The War is Always On
Zimmermann's 'Die Soldaten' in Milan,
enthralls GIUSEPPE PENNISI
enthralls GIUSEPPE PENNISI
When Bernd Alois Zimmermann's Die Soldaten was presented at the Salzburg Festival, the title of my review was (suitably) World without God [See 30 August 2012]. The production was a joint venture with La Scala, where a series of performances opened on 17 January 2015. I hope that other opera houses will show this very enthralling and engrossing production. M&V readers are referred to the 30 August 2012 review where the opera is discussed extensively; also the main production team and the principal singers at La Scala are the same as those who staged and performed the opera two and a half years ago in Salzburg.
However, in Salzburg, the opera is performed in the Felsenreitschule, the huge hall formerly for riding horses, and home to horse shows during wintertime. It has an oversized wide front stage and a perfect acoustic which almost envelops the audience. The Wiener Philharmoniker (suitably expanded) was divided by the conductor, Ingo Metzmacher, into three sections: the pit for the regular orchestra, and the left and right sides of the audience, mostly for the percussion, the tubular bells, the harpsichords, the celesta and the organ. The stage sets by Alvis Hermanis and the costumes by Eva Dessecker place the action during World War I. The front stage is so wide that several scenes can be shown simultaneously in Lille and in Armentières (near the Flemish battlefield). A wall with a series of arches separated the front stage from the rest of the set, where the military life can be seen: men riding horses, their prostitutes in Amazon attire. From time to time projections on screens (pulled down between the arches) show postcards of brothel life at the beginning of the twentieth century. This orchestral and dramaturgical set up is as close as possible to the instructions provided by Zimmermann. To grasp this, it is sufficient to read the composer's indications and compare Salzburg's production with a Stuttgart production on a fairly popular DVD.
As I pointed out in 2012, the set could not fit a normal opera house stage, not even in a large theatre like La Scala. Thus, the production was drastically changed. The stage was divided into two levels: most of the action takes place in the lower level, and in the upper level, one could see the soldiers in their barracks, in beer halls, in brothels. It worked quite well. The more intimate setting underlined a new dimension: for those who are damned to be soldiers 'from here to eternity', following Kipling's poem and the title of a well known novel and movie of the Fifties, the war is always on.
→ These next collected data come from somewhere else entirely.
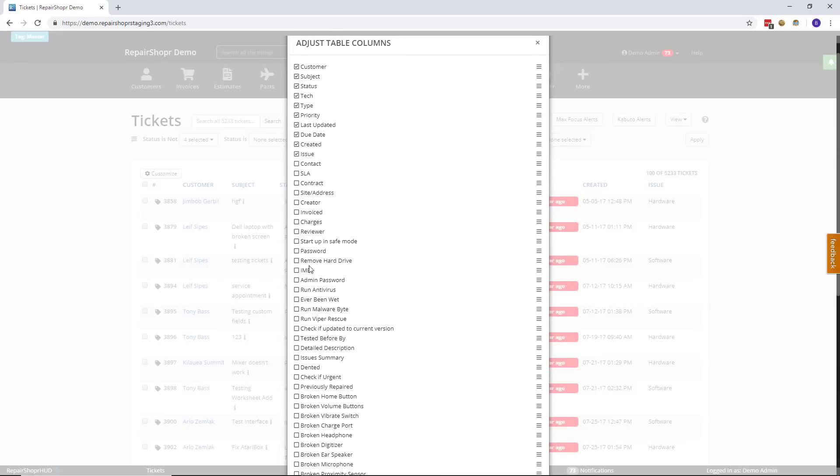A couple additional columns that we created for this update was also invoiced and charges.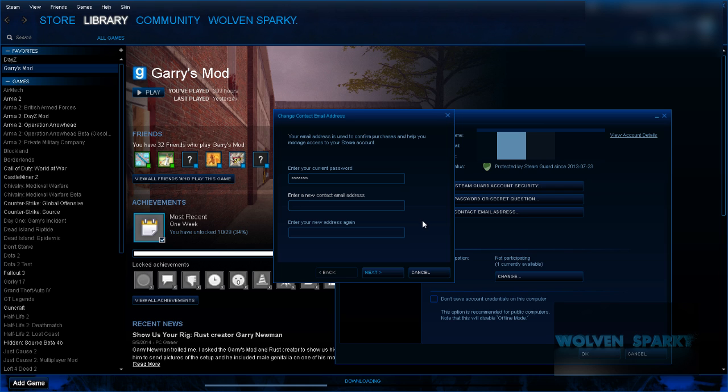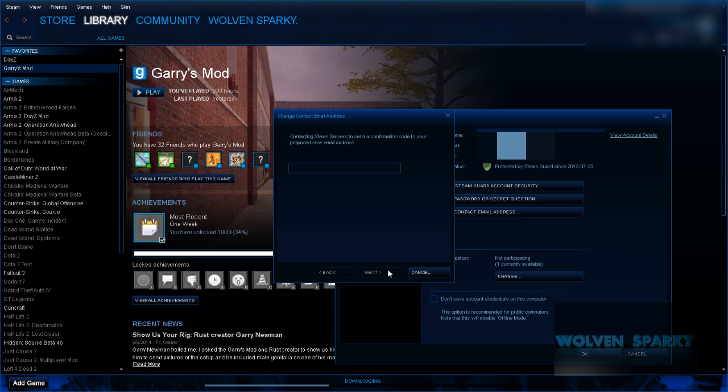Enter a new contact email address. I'm going to enter the one that I just made for this video. I'm going to terminate it afterwards.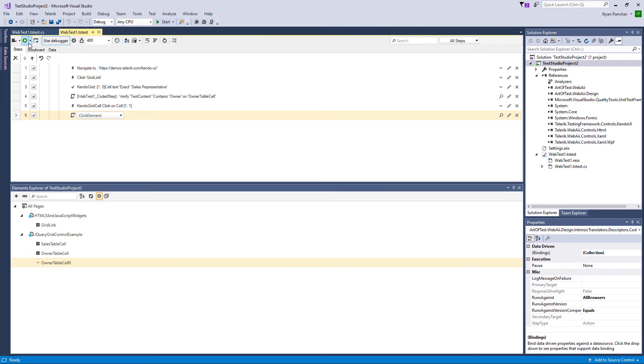So these are the very basics of Test Studio Dev Edition. There is a lot more to explore and I will show you in another video. Thank you for watching. Bye.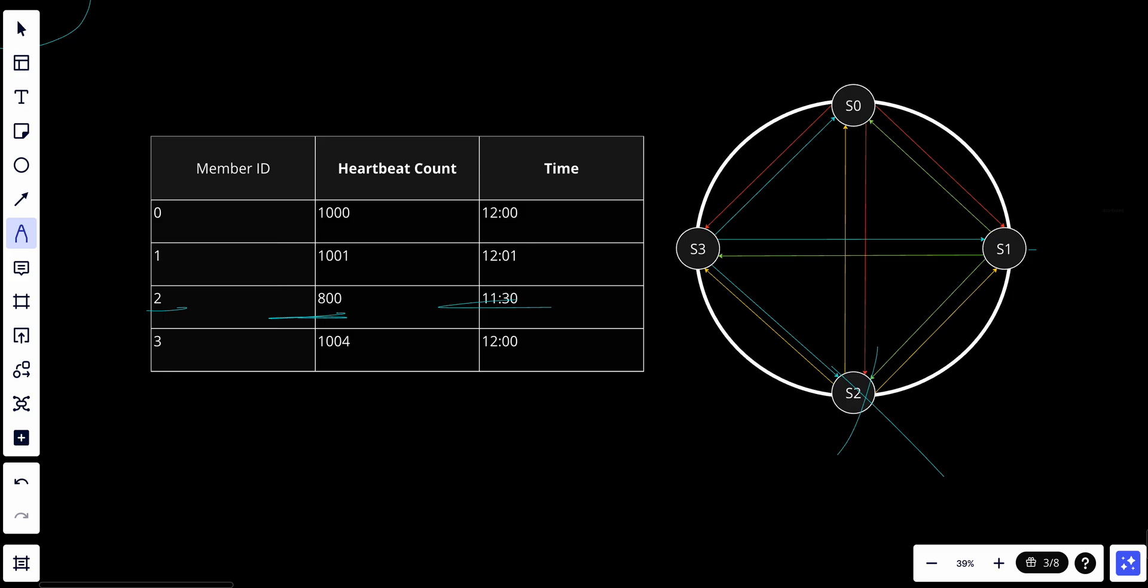So the gossip protocol is commonly used in distributed systems for various purposes beyond failure detection. It's not only for failure detection - this video was dedicated to failure detection, but it's great in distributed databases. Gossip protocols can help nodes in a database cluster discover one another, share schema information, and maintain consistency. It's great in distributed file systems for location and availability tracking of files and storage nodes. It's great in peer-to-peer networks - gossip helps peers discover and maintain knowledge of other peers in the network. It's also great in distributed resource management - gossip can be used to track resource availability and load information in cloud computing environments.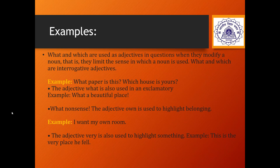These adjectives can also be used in an exclamatory sense — to express a sudden emotion or feeling. For example, 'What a beautiful place!' or 'What nonsense!' — these express a strong feeling. Adjectives are also used to highlight belonging or possession, such as 'I want my own room' — the adjective 'my' shows possession. The adjective 'very' is also used to highlight something, for example, 'This is the very place he fell.'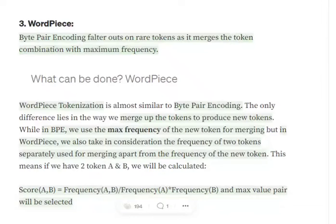Hi everyone. Today we will be discussing another tokenization algorithm in NLP: WordPiece. WordPiece is a pretty popular algorithm and it overcomes one of the major faults of byte pair encoding that we have discussed in my previous video.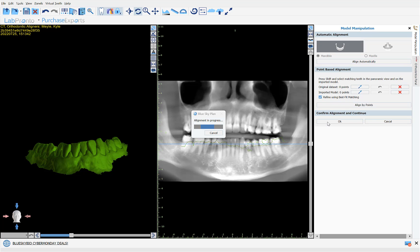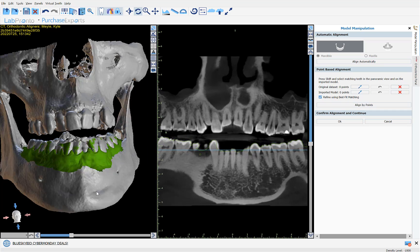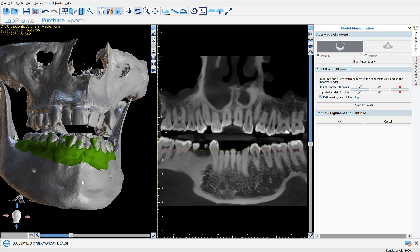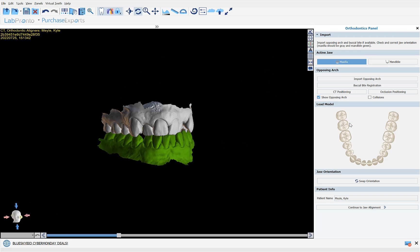The software will proceed to run the alignment on the second jaw. We can once again see in our 2D and 3D views that the software has successfully aligned the STL model to the CT scan. If there was a problem, we could use our point functionality to identify several unique points in the CT scan and the STL model scan to help the software do the alignment. I'm going to click OK to continue.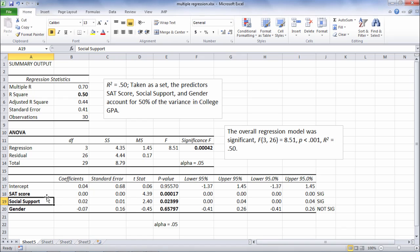So if a test is significant here, that means that the variable accounts for a significant amount of variance in college GPA uniquely to itself. And that's an important point to note here, and that's frequently confused with multiple regression.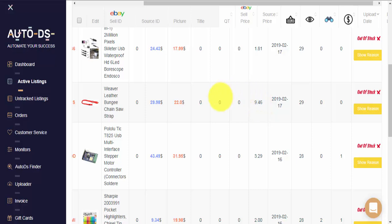I hope you have enjoyed this quick tutorial about out-of-stock listings on your AutoDS account. Thank you so much for watching, and have a wonderful day.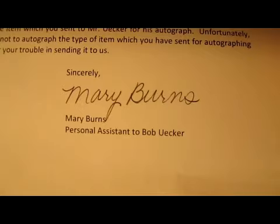Going to the failure, Milwaukee. Got my photos back from Mr. Bob Uecker. As you can see, they're not signed, and got a nice letter from the Brewers. There we go, if I can hold it the right way. This is from his personal assistant, Ms. Mary Burns.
During an armistice (such is the period when Die Soldaten takes place), the fight consists of humiliating women. The plot revolves around the destitution of a simple middle class girl, who becomes a prostitute and later a beggar.
At La Scala the orchestra is not divided into three parts. Closer to Zimmermann's intentions, the main orchestra is in the pit but there are various instrumental groups in the side boxes and also in the upper tier. This allows Ingo Metzmacher and La Scala's orchestra to envelop the audience with very interesting stereophonic sounds.
On the opening night there were over ten minutes of accolades for the cast, the orchestra and the chorus and a real ovation for protagonist Laura Aikin. The other twelve protagonists, out of a twenty five singer cast playing nearly forty different parts, were also very good.
It must be noted that 17 January 2015 was a Saturday night, so there was no excuse for the empty seats in the orchestra rows. Also, at the 15 January 2015 dress rehearsal open to students, only a limited number showed up. These could be indications that Milan's appreciation of modern music has a long way to go.